Kids know things have to be done, but they aren't as caught up in timetables or deadlines as we are.  They aren't as worried about what other people will think of them if they do something a bit late, or if they forget to take care of something.  Somehow, the world will go on, they know.  I know many people who almost never relax, almost never play, almost never enjoy themselves just by being silly.  Their lives have become somehow grey and dim, and their concerns have grown to overpower or overwhelm them.

I firmly believe that adults aren't here to teach kids how to live-- kids are here to teach us about life, if only we're willing to take lessons from them.  Their perspectives are refreshing and uplifting, and their ability to live life to the fullest can teach us much about life and living.  We respect the institutions of the "adult world" because we're supposed to respect them, but the only reason they stick around is because not enough people question the "wisdom" behind them.  Are we really more respectable when we wear a suit and tie?  Are our most productive hours really between eight and five?  Do we really have to be so serious all the time?

Yes, it's important that we somehow respect the institutions of life, but if we take them too seriously, we run the risk of losing a lot of fun in life.  And I'm completely convinced that life was meant to be fun, and that we are meant to learn how to have fun by learning from the children who are all around us, and who don't take life too seriously.

Questions to ponder:

1.  How seriously do you take life?  Does that allow you to have fun?

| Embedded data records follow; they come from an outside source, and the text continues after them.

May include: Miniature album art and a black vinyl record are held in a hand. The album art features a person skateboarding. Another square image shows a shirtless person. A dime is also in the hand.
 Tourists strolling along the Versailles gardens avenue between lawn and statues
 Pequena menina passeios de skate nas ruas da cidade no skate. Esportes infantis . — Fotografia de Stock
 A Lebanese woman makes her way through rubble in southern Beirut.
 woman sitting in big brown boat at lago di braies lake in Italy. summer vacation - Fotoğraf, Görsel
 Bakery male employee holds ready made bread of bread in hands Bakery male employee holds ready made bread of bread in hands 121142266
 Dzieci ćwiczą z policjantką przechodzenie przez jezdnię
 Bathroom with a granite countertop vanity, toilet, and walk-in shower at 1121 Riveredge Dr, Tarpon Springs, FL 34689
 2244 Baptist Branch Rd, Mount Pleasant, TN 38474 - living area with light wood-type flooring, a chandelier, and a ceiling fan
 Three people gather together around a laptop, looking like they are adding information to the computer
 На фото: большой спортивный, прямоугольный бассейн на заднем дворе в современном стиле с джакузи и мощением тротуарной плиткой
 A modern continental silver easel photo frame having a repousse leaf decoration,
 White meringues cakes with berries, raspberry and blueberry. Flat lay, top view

2.  How do you define fun?

3.  Why do our concerns and worries tend to grow so strong in our lives?

For further thought:

Have you ever watched small children playing alone in a room?  They will talk to themselves, and they will answer.  They will dress themselves up.  They sing and dance.  A small child in a room all alone can have a marvelous time entertaining him or herself.  Children can do this not only because they have an innocence that helps them to rise above the cares of the world; they don’t mind being alone with their thoughts and dreams.  They don’t mind acting out their fantasies.  They can live their lives beyond the expectations of others.  In a room all alone, children have no inhibitions.  They have nothing to prove and no one to satisfy but themselves.  They feel free!
They are unencumbered by opinions and directives.
It happens because nobody is watching them.
   Live your life like nobody is watching you.